Abbas Hussein sits in the ruins of his shop Friday in central Baghdad. A bomb planted under a horse pulled cart exploded, killing at least three and destroying some shops

U.S. Deaths

As of Friday, at least 3,969 members of the U.S. military have died since the beginning of the Iraq war in March 2003, according to an Associated Press count.

? Powerful Shiite cleric Muqtada al-Sadr opted Friday to keep the cease-fire order for his Mahdi Army militia in place for another six months, a step that will hold down U.S. and Iraqi casualties while bolstering al-Sadr’s importance as a political player as Iraqi factions jostle for power.

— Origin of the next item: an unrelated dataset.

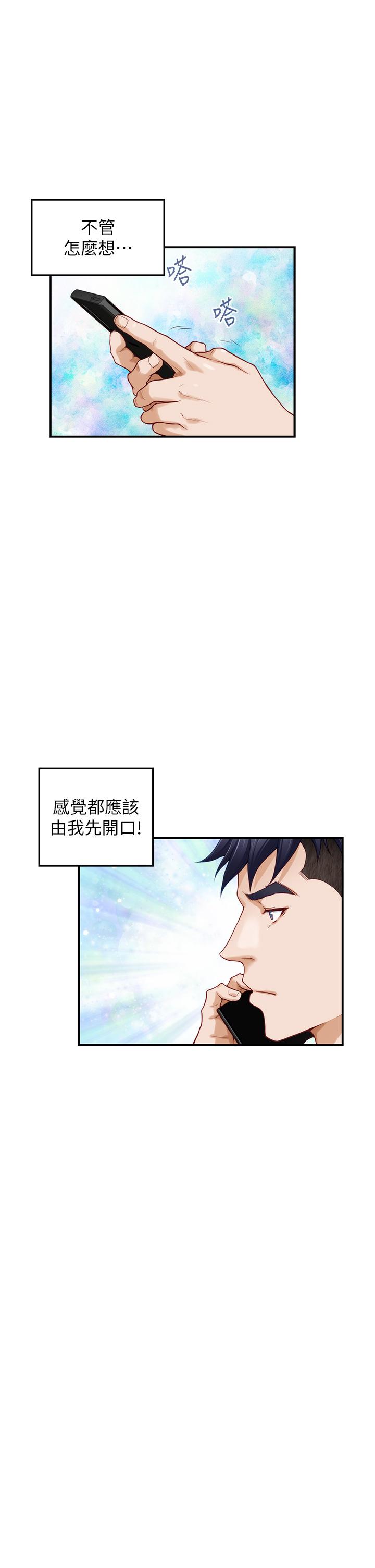 漫画韩国 姊姊的房間   - 立即阅读 第27話-再深一點，頂到最深處第51漫画图片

Opening a sealed statement from the firebrand leader, scores of Shiite clerics around the country read al-Sadr’s message at Friday prayer services. In al-Sadr’s Baghdad stronghold of Sadr City, thousands of men sat and listened attentively to the statement as green and black banners – symbols of his movement – waved in a brisk wind.

“According to an order by Sayyid Muqtada, activities of the Mahdi Army will be suspended … for another six-month period,” al-Sadr aide Hazim al-Aaraji said at the Kazimiyah mosque in Baghdad, using an honorific for the cleric.

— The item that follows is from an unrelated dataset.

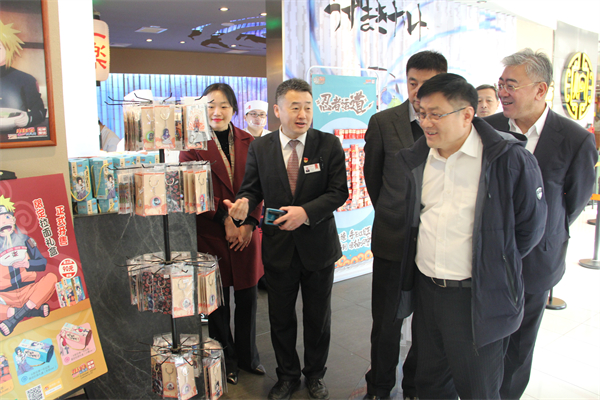 bevictor伟德官网·(中国)唯一官方网站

Al-Sadr offered “thanks and appreciation” to his followers and appreciation for “your understanding and your patience.” The freeze was extended until the 15th of Shaban, a reference to the Islamic month before Ramadan, which would mean mid-August.

Along with an increase in U.S. troop levels and a move by American-backed Sunni fighters to turn against their former al-Qaida in Iraq allies, the cease-fire has been credited with reducing war deaths among Iraqis by nearly 70 percent in six months, according to figures compiled by The Associated Press.

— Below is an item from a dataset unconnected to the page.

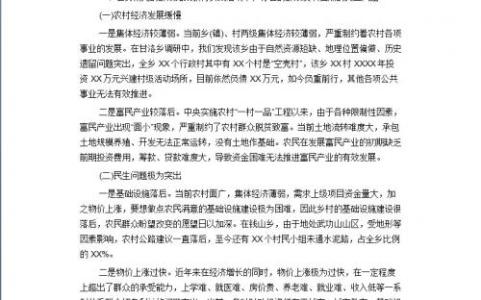 群众路线个人调研报告 群众路线调研报告范文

Extending it has multiple advantages for al-Sadr, who launched two major uprisings against coalition forces in 2004.

It enables al-Sadr to present himself as a shrewd political figure interested in reducing violence for all Iraqis and perhaps as a more popular alternative to the Supreme Iraqi Islamic Council, the country’s largest Shiite party and a U.S. partner.

The council’s Badr Brigade and the Mahdi Army have tangled in the nation’s oil-rich south recently despite the cease-fire declaration last year. Aides to al-Sadr said at the time it was initially announced that he was concerned about sectarian violence escalating into full-fledged civil war.

The office of Prime Minister Nouri al-Maliki, whom al-Sadr once supported but has turned away from, issued a statement saying that the “al-Sadr bloc is an essential cornerstone in the political process and in the new Iraq.”

The cease-fire also does al-Sadr a favor by making him a player that the U.S. must continue to handle respectfully while he keeps the peace – and he can always go back to fighting if he wants to play that card, though that may not be his smartest move, one analyst said.

“I think Sadr’s strategic self-interest is served by continuing the cease-fire in part because he’d take heavy losses in another fight with the U.S. military,” said Stephen Biddle, a senior fellow for defense policy at the Council for Foreign Relations. “He’s less able to replace those losses this time given his militia’s increasingly criminal reputation among Shiite civilians.”

Al-Sadr’s announcement came two years to the day since the bombing of a revered Shiite mosque in Samarra that unleashed Mahdi fury. Most Iraqis are now loath to return to the worst days of sectarian violence when the monthly body count sometimes topped 2,000.